Ben iyi yapılmış pırasaya bayılırım. Her sebze mevsiminde güzeldir. Bu ürün soğuk havada daha lezzetlidir. Lahana gibi. İlk kar düştüğünde tadına doyamazsınız. Aş eren bayanlar gibi, benim de gerekli gereksiz isteklerim olur. Bunlar arasında önceliklerimden biri pırasadır. Dikkat edin zeytinyağlı demiyorum. Bu yemeği yerken mutlaka zeytinyağına üçte bir oranında çiçek yağı karıştırmak şart. İçine ilave edilen havuç ve pirince yetecek kadar uygun karışımla parmaklarınızı yiyebilirsiniz.
Şaşırttılar
İki hafta önce Salı Pazarına çıktım. Hedefim yaz-kış demeden her mevsim pırasa satan bir tezgâha uğramaktı. Baktım var.
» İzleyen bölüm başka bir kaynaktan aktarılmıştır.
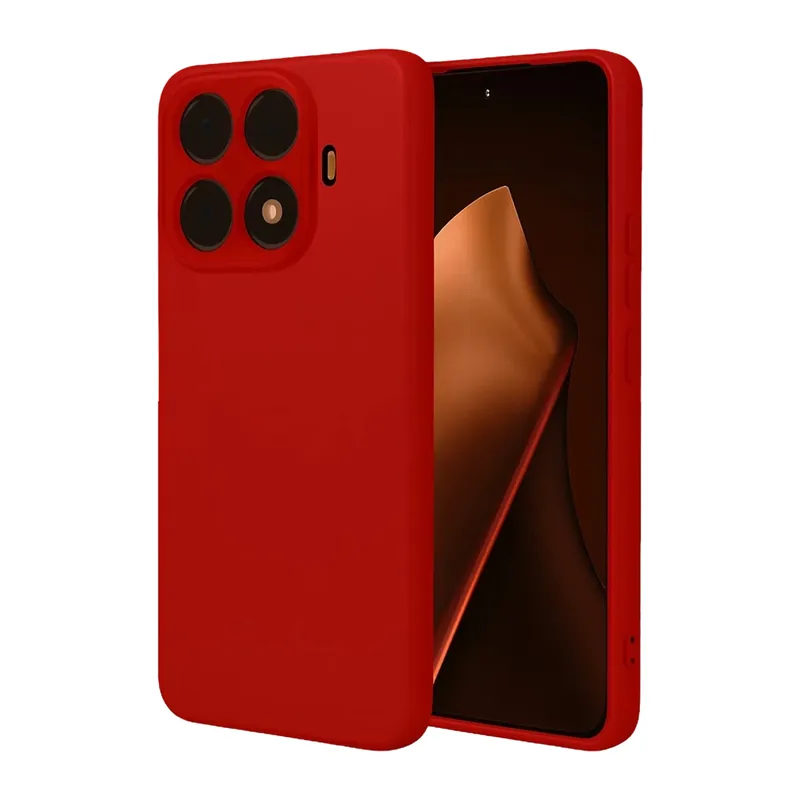 Mi 15T Pro Nano içi Kadife Silikon - Kırmızı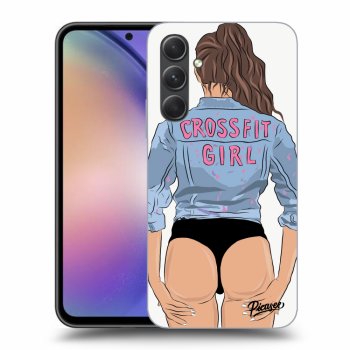 Obal pro Samsung Galaxy A54 5G - Crossfit girl - nickynellow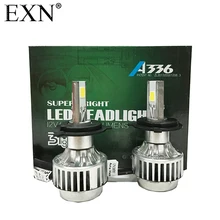 2Pcs High Quality COB LED Headlight H4 Hi/Lo Auto LED Headlight Bulb H4 Head Lamp 3300LM White Colour 6000K LED Headlight Lamp
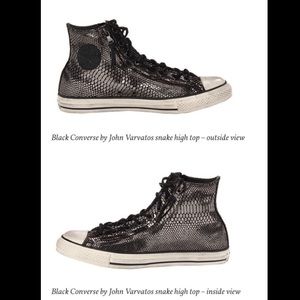 John Varvatos Snakeskin Converse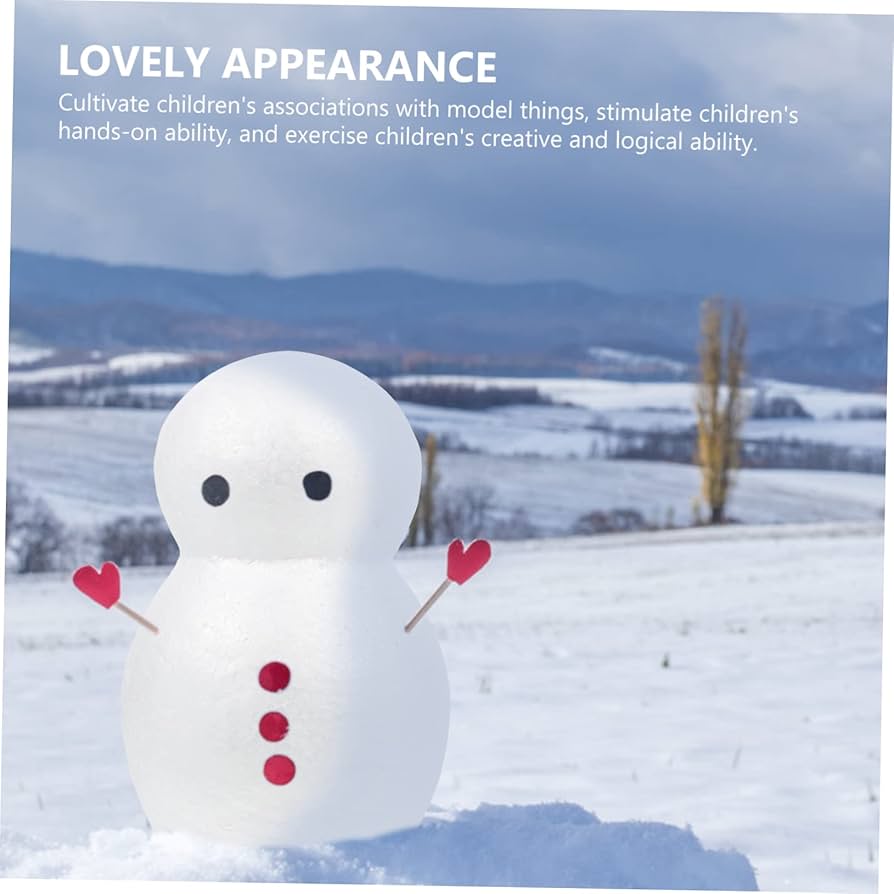 Amazon.co.jp: ULDIGI 3個 泡雪だるま 発泡スチロールクラフト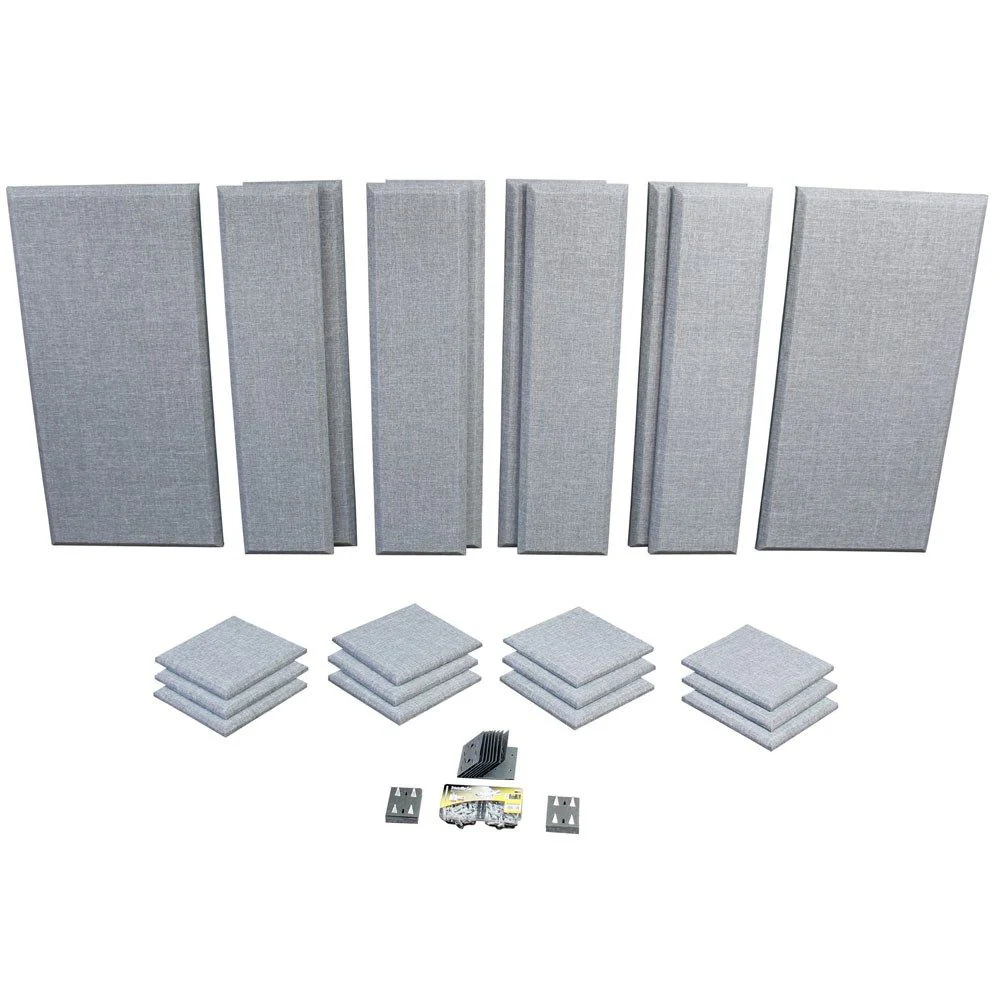 Primacoustic London 12 Kit- 12x Scatter Blocks 8x Columns 2 x Broadband Panels (Grey)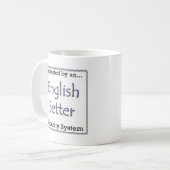 Mug Système de sécurité de l'environnement anglais (Devant gauche)
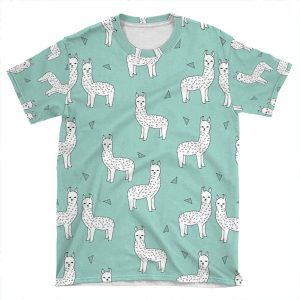 Alpaca - Mint By Andrea Lauren AOP T-shirt Tee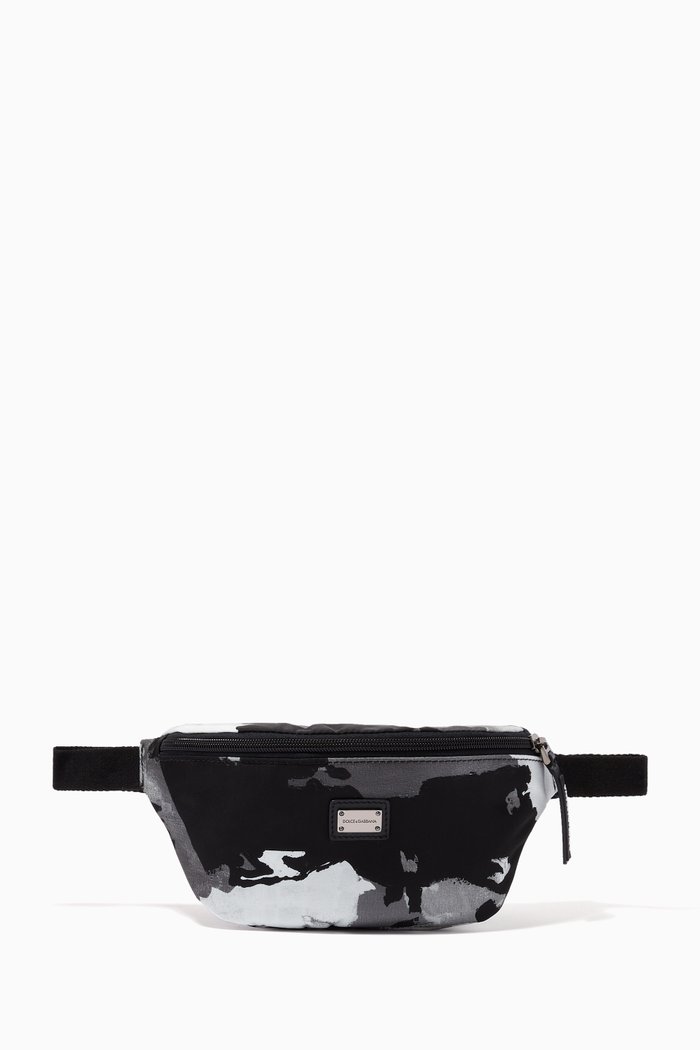 

Belt Bag in Camouflage Nylon, Multicolour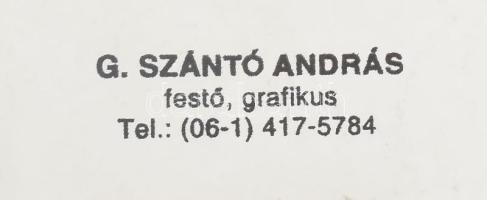 G. Szántó András (1937-2002): Az apáca. Fotó, papír, kartonon, hátoldalán pecséttel jelzett, 39x21 c...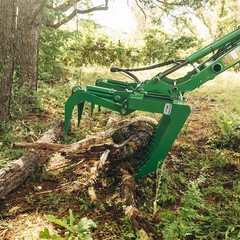 Titan Attachments 60in Root Grapple Bucket Attachment Fits John Deere Loaders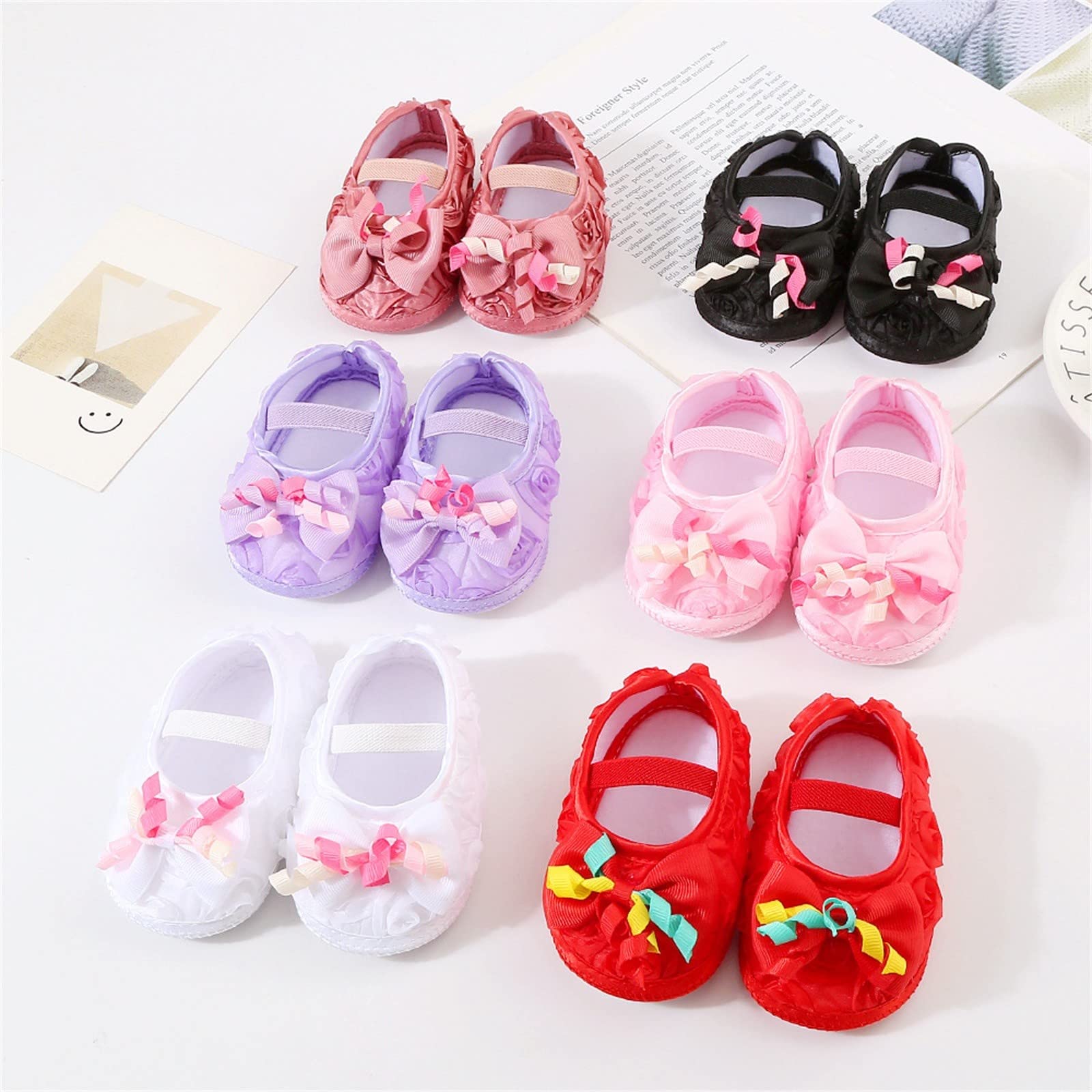 Soft Sole Baby Shoes for Toddlers - Pearl & Flower Princess Dress Shoes | Winter Kids Shoes for Girls (White, Size 4 Infant) - Perfect for Weddings, Parties & Special Occasions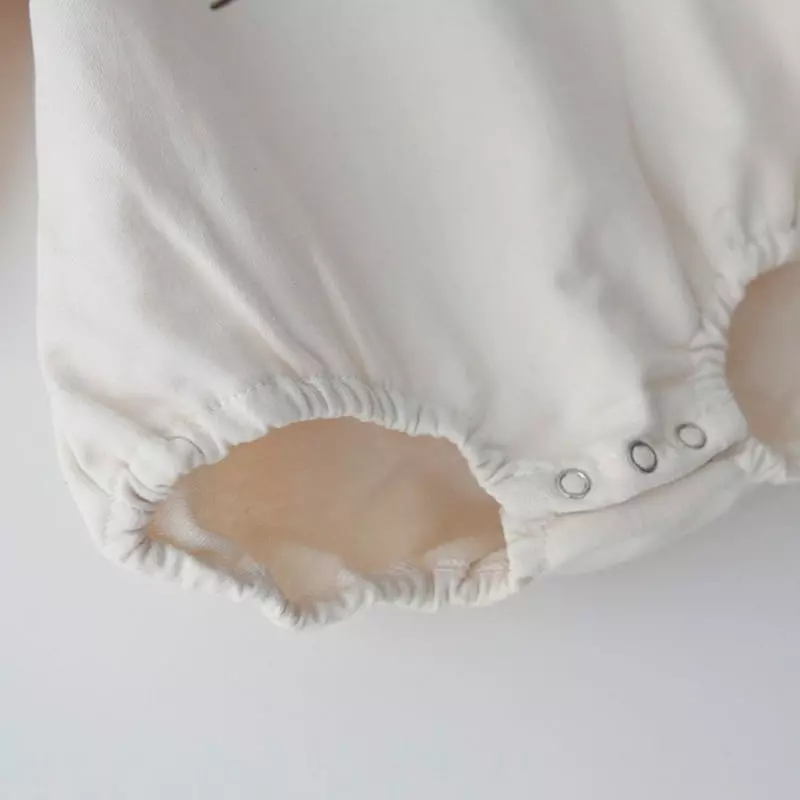 Lemonade - Korean Baby Fashion - #babywear - Barnie Barnie Bodysuit with Bonnet - 5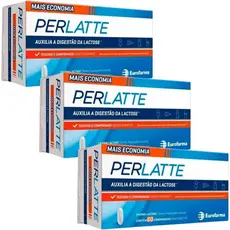 Kit Perlatte 3x60 Comp Suplemento Enzima Lactase 9.000 FCC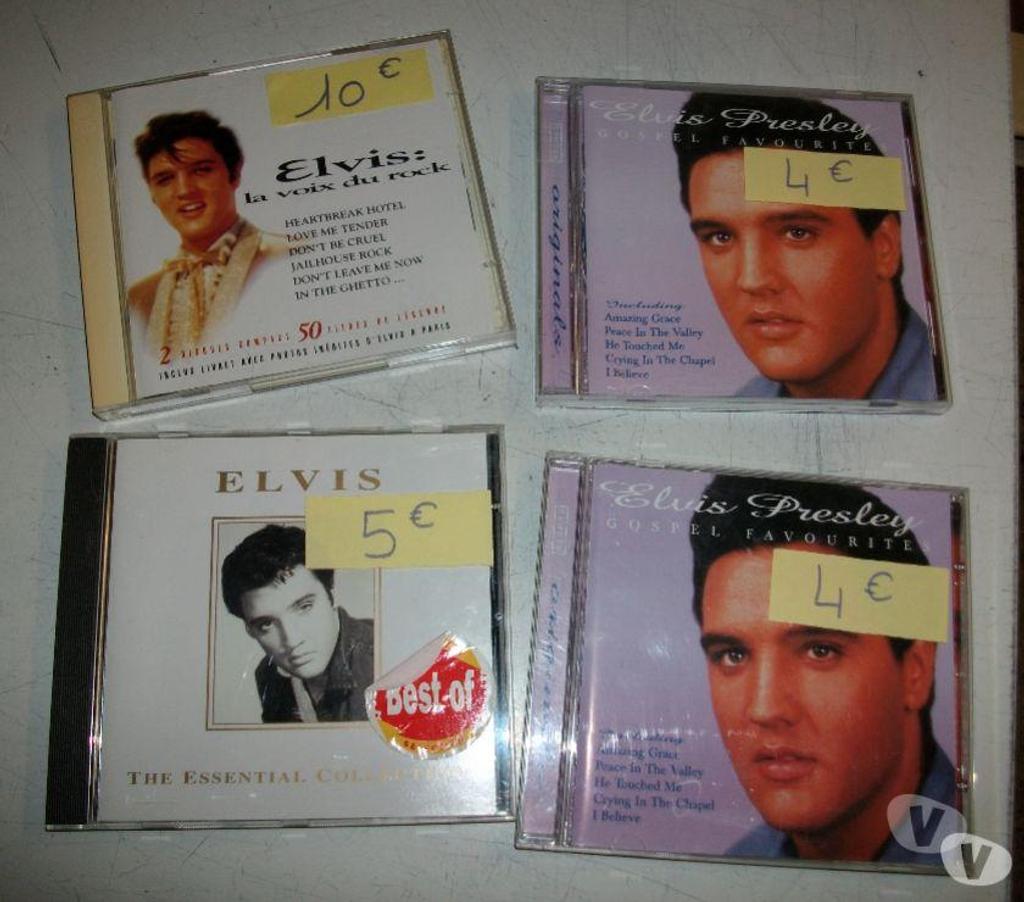 CDs Bas-Rhin Bouxwiller - 67330 - Photos Vivastreet CD et coffret 4 CD d'Elvis PRESLEY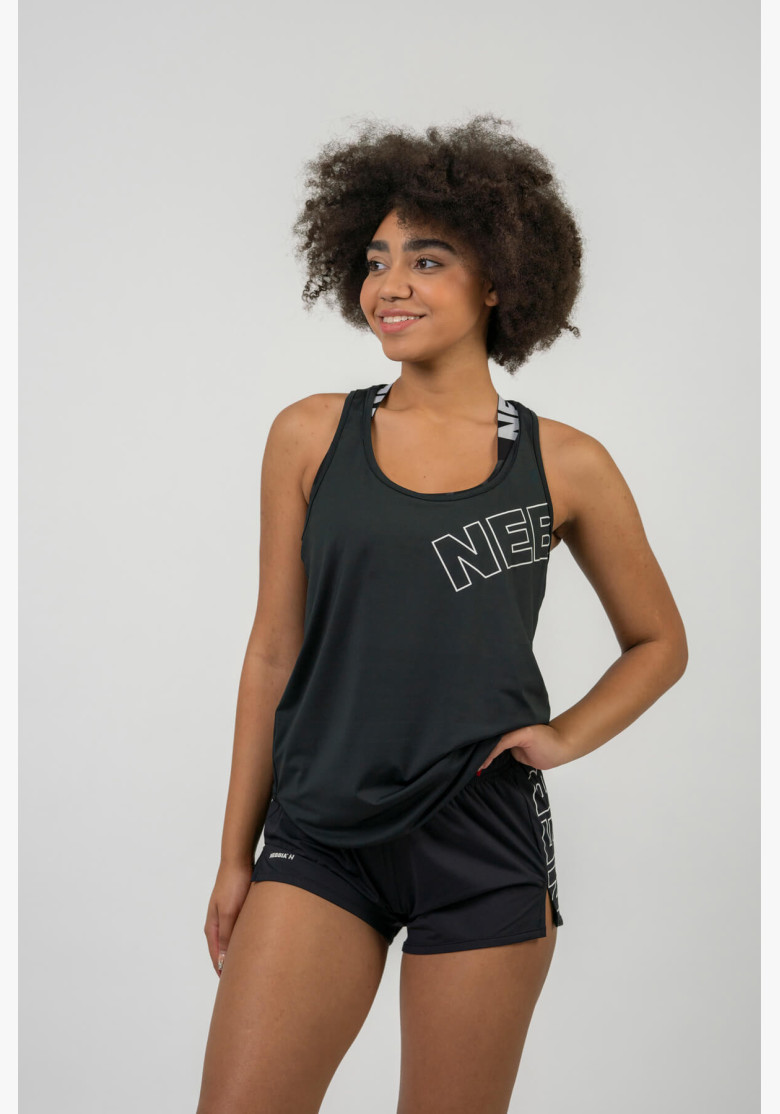 NEBBIA FIT Activewear tank top "Racer back" black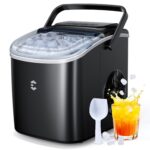 EASYERA Eiswürfelmaschine kompakt – 12 kg/24h Eisproduktion, 6 Minuten, 2 Grössen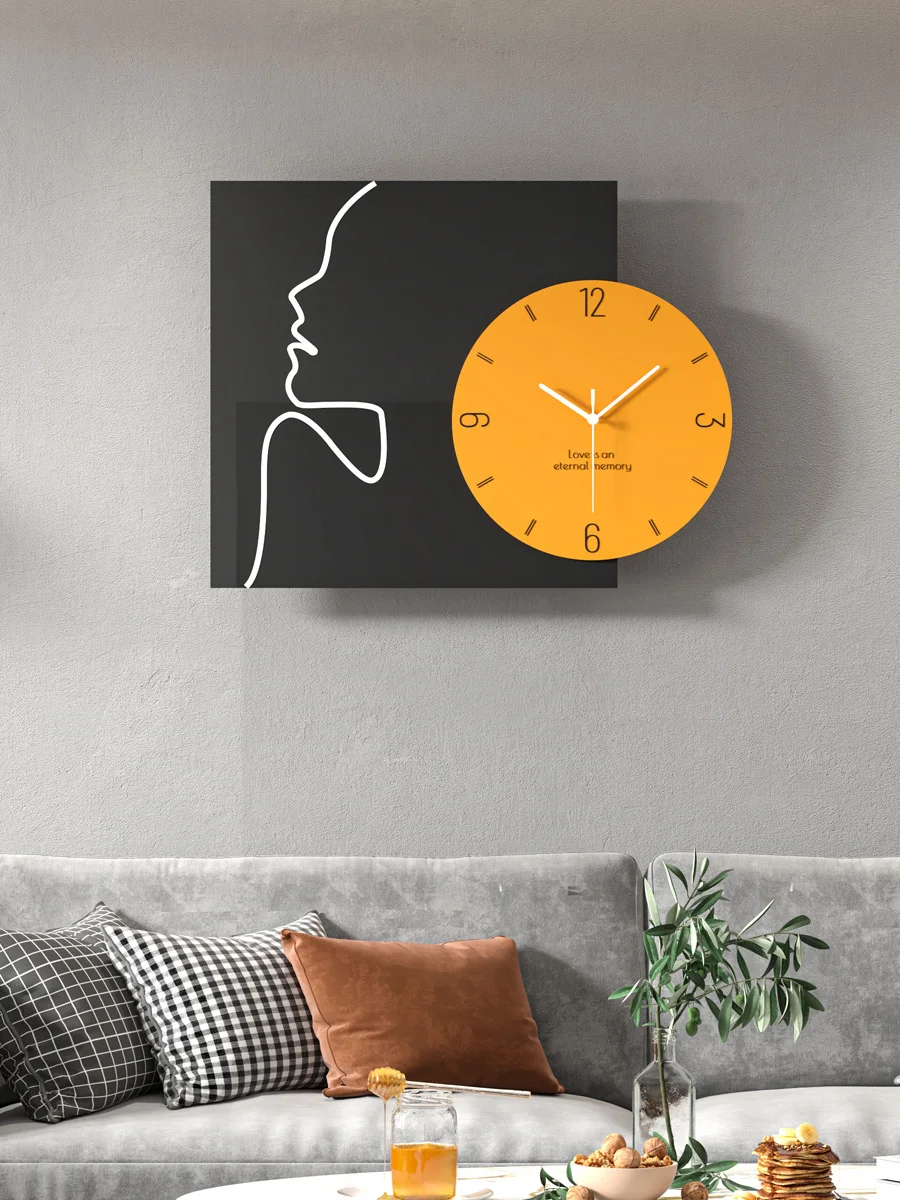 

Creative Square Wall Clocks Design Personalised Silent Large Wall Clocks Quartz Acrylic Relojes De Pared House Decorativo Zegar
Yazın bir yerine iki kilo alırım. Çünkü "erkekleşmiş" denen cinse dönüşür. Çocuklara "Nasılsa yarısını atacağız iki kilo verin" deyince isyan ettiler. "Abi, tek sapını dahi ziyan etmezsin" ardından devam ettiler; "Çatalca köylüsü işi öğrendi. Öyle bir yetiştiriyorlar ki, sanki süt mısırı".
Pek inanmasam da aldım. Hem de iki kilo. Netice mi? Ortaya harika bir pırasa yemeği çıktı. Formülünü vereyim; Ayşekadın fasulye seçer gibi test edin. Bir tekini ortadan kırın. Çapaksız ve "çıt sesi" vererek kırılıyorsa tamamdır.
Görüyorsunuz bu yaştan sonra dahi öğreneceklerimiz var. Yemeğin iyisini yapmanın yolu mutlaka malzemeden geçiyor.
Uzmanları
Medyamızın eskileri, bir zamanlar turfandacılık yazıları yazmayı severlerdi. Örnekleri peynirde olduğu gibi hep Hollanda ve İsviçre'den verirlerdi. Ahmet Cevdet Bey'in attığı başlıklar hâlâ TGC arşivlerinde; "Lapa lapa kar yağarken domates yiyorlar".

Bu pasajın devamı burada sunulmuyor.